WHAT YOU ARE ASKED TO DO ::
Return every line of the data below that includes the string "White".

───── PROVIDED DATA

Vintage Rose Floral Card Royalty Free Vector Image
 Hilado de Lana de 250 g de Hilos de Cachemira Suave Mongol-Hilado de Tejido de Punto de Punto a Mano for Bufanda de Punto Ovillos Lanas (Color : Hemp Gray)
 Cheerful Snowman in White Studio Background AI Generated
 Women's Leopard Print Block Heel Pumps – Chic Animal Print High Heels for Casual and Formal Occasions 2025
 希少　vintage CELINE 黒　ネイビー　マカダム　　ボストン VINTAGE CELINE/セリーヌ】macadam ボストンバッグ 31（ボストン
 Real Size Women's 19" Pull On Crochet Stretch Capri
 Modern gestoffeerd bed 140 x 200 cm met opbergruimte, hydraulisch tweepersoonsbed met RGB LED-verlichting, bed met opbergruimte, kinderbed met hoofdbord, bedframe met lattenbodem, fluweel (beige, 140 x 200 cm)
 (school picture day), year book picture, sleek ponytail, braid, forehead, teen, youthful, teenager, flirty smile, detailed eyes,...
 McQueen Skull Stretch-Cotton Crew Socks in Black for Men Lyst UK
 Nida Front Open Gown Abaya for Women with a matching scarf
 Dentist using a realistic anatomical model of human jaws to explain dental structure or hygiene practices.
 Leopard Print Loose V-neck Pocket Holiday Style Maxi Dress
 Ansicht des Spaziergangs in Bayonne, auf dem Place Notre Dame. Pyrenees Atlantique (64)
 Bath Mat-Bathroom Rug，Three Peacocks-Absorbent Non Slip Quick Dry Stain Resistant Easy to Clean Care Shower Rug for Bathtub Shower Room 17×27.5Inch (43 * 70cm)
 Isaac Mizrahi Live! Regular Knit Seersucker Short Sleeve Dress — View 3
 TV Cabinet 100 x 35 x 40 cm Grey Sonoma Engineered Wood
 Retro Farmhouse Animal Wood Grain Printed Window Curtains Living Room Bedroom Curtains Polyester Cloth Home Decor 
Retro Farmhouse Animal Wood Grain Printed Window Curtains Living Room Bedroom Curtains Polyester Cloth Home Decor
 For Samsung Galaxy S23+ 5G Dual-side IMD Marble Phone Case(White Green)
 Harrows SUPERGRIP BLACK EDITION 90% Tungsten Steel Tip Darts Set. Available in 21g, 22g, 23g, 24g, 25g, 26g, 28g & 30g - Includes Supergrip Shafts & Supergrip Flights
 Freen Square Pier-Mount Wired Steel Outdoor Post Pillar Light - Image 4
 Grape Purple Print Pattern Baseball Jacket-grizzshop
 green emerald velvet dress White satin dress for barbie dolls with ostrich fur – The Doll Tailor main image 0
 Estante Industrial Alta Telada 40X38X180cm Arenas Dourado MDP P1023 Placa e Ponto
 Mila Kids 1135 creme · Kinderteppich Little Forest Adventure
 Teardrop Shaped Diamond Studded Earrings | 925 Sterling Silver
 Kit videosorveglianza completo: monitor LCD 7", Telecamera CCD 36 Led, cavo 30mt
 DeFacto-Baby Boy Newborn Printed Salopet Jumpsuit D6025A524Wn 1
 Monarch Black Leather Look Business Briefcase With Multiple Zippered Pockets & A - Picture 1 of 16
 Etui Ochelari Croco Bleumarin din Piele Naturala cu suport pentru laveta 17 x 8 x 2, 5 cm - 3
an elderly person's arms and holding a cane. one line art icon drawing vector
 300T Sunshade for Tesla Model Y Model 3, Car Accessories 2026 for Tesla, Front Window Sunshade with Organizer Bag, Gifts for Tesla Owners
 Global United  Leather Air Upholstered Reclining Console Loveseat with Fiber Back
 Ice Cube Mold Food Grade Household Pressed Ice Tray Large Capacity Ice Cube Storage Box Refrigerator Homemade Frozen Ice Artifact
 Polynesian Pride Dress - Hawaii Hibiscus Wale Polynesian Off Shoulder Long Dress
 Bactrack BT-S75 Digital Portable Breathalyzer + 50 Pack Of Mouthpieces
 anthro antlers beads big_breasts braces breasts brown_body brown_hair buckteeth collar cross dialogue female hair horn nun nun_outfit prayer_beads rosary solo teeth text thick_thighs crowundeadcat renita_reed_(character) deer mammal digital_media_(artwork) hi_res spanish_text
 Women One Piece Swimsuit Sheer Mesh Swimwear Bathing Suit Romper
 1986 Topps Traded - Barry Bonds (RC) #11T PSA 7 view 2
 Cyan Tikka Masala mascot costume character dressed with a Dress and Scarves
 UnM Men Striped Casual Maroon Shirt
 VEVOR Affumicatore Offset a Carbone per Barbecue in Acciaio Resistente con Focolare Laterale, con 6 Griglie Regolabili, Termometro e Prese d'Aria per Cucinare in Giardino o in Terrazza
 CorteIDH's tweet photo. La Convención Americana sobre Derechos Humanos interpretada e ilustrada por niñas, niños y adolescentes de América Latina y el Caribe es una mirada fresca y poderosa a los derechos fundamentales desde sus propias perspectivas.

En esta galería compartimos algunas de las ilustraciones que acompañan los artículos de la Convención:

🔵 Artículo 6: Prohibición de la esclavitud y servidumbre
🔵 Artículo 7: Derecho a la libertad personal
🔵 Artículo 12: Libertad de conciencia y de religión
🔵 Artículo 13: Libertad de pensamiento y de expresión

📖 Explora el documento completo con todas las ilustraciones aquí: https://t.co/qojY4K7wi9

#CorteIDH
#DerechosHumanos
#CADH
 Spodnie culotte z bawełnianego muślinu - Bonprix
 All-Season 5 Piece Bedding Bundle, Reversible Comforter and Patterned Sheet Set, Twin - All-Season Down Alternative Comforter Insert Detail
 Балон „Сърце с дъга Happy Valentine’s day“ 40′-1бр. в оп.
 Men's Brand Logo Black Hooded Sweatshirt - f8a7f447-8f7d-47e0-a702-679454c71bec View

──────────

WORKED SOLUTION ::
 Cheerful Snowman in White Studio Background AI Generated
 For Samsung Galaxy S23+ 5G Dual-side IMD Marble Phone Case(White Green)
 green emerald velvet dress White satin dress for barbie dolls with ostrich fur – The Doll Tailor main image 0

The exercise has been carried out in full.